#### [Problem to work on]
Return each record word for word and omit the pictures.

(Entries taken from a collection)
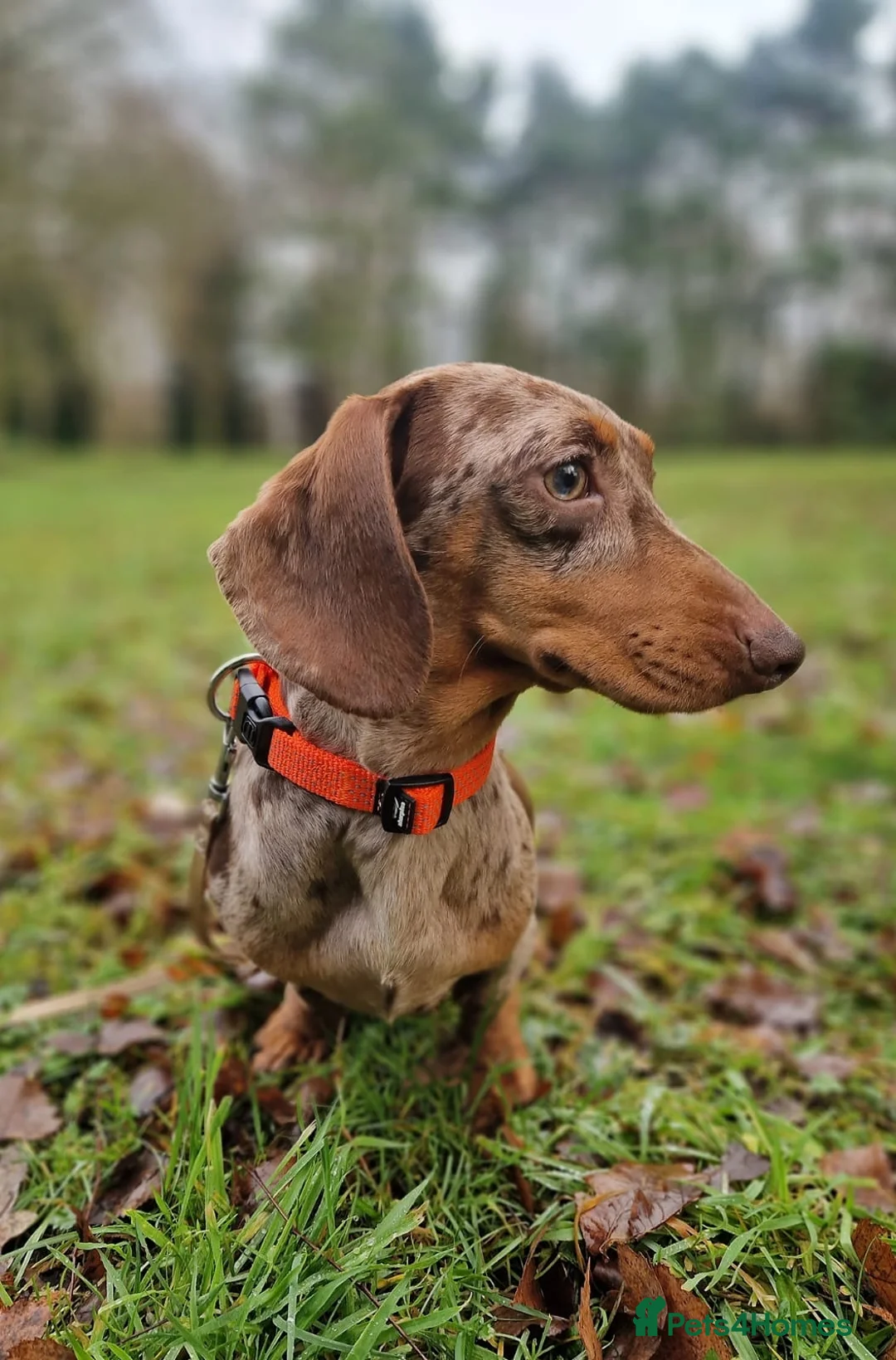 Miniature Dachshund dogs for stud: 🤎Albert🤎 in Newport - Advert 6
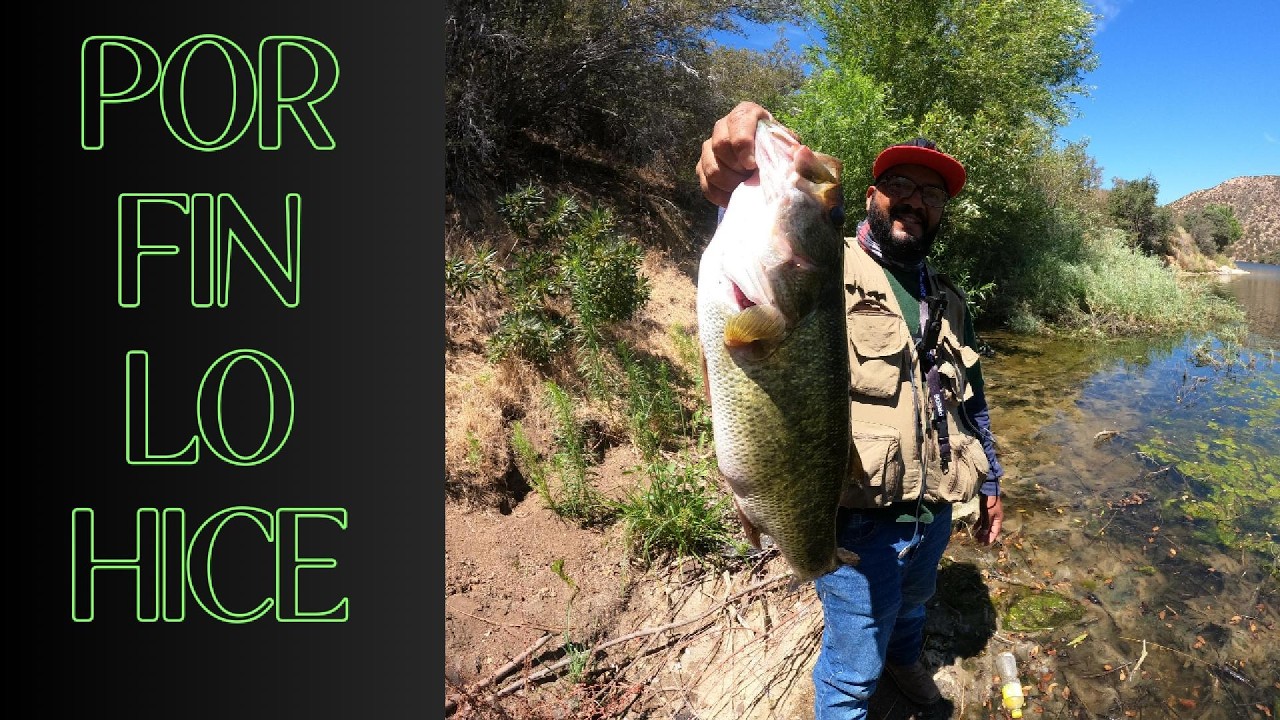 6lb Bass Caught At Silverwood Lake!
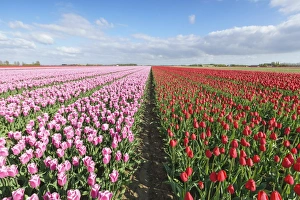 Traditionally Dutch Prints: Pink and red tulips in vast field, Yersekendam, Zeeland province, Netherlands, Europe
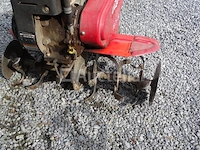 Tuinfrees lazer pb 25 br - afbeelding 10 van  17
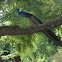 Peacock / Indian Peafowl / மயில் (Mayil)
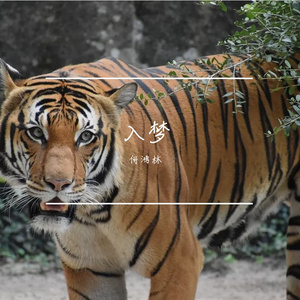 挽不回的青春 伴奏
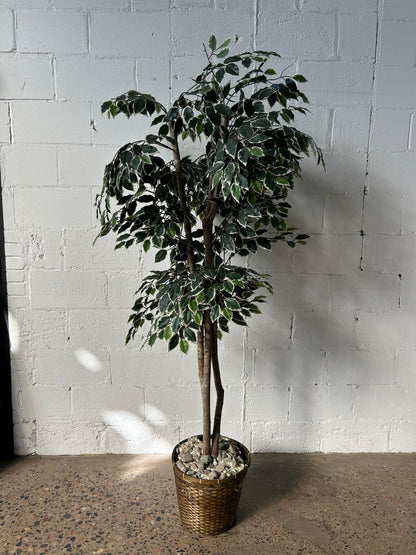 Short Potted Tree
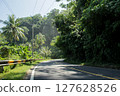 Tropical and Winding Trans-Sumatra Lampung Highway Surrounded by Green Forest 127628526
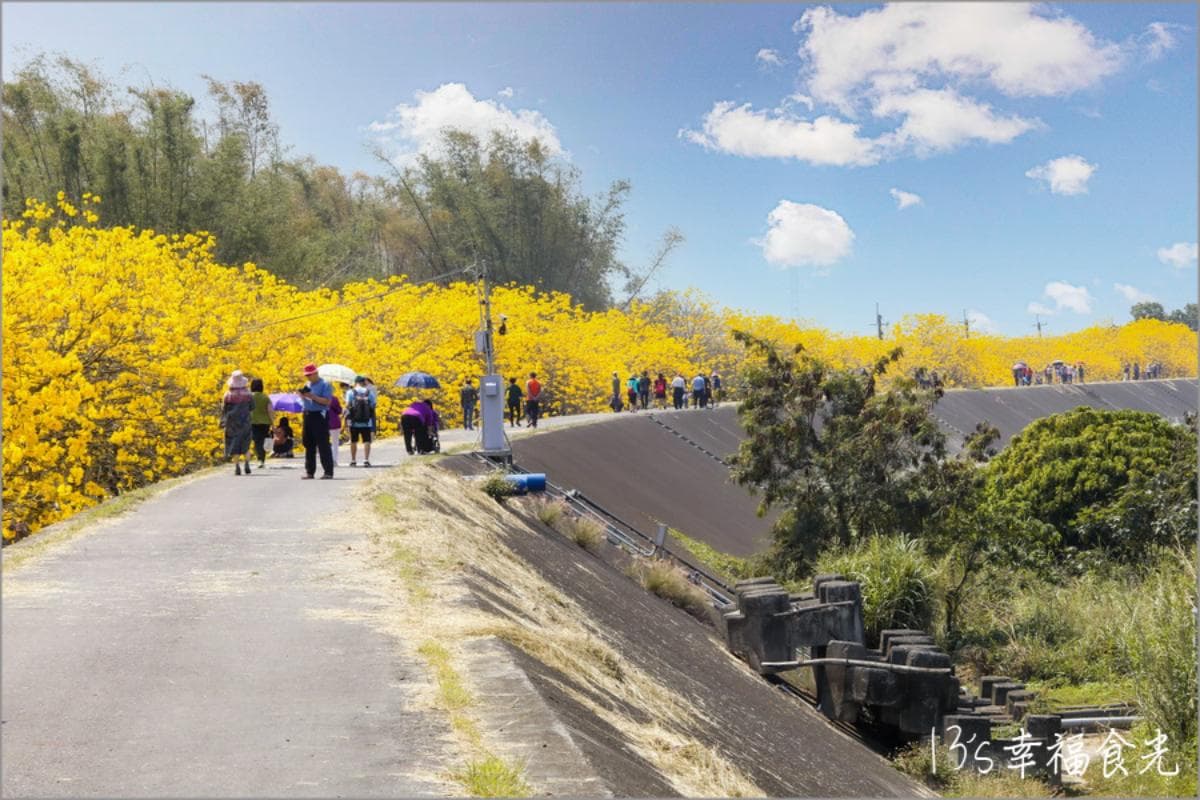 黃花風鈴木大爆發!5處「賞花夯點」錯過等明年:1公里花海隧道、金黃公園 黃花風鈴木大爆發!5處「賞花夯點」錯過等明年:1公里花海隧道、金黃公園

#### [Response for this exercise]
 Miniature Dachshund dogs for stud: 🤎Albert🤎 in Newport - Advert 6
 6lb Bass Caught At Silverwood Lake!
 Traditionally Dutch Prints: Pink and red tulips in vast field, Yersekendam, Zeeland province, Netherlands, Europe
 Tuinfrees lazer pb 25 br - afbeelding 10 van  17
 Peacock / Indian Peafowl / மயில் (Mayil)
 挽不回的青春 伴奏
 Short Potted Tree
 Tropical and Winding Trans-Sumatra Lampung Highway Surrounded by Green Forest 127628526
 黃花風鈴木大爆發!5處「賞花夯點」錯過等明年:1公里花海隧道、金黃公園 黃花風鈴木大爆發!5處「賞花夯點」錯過等明年:1公里花海隧道、金黃公園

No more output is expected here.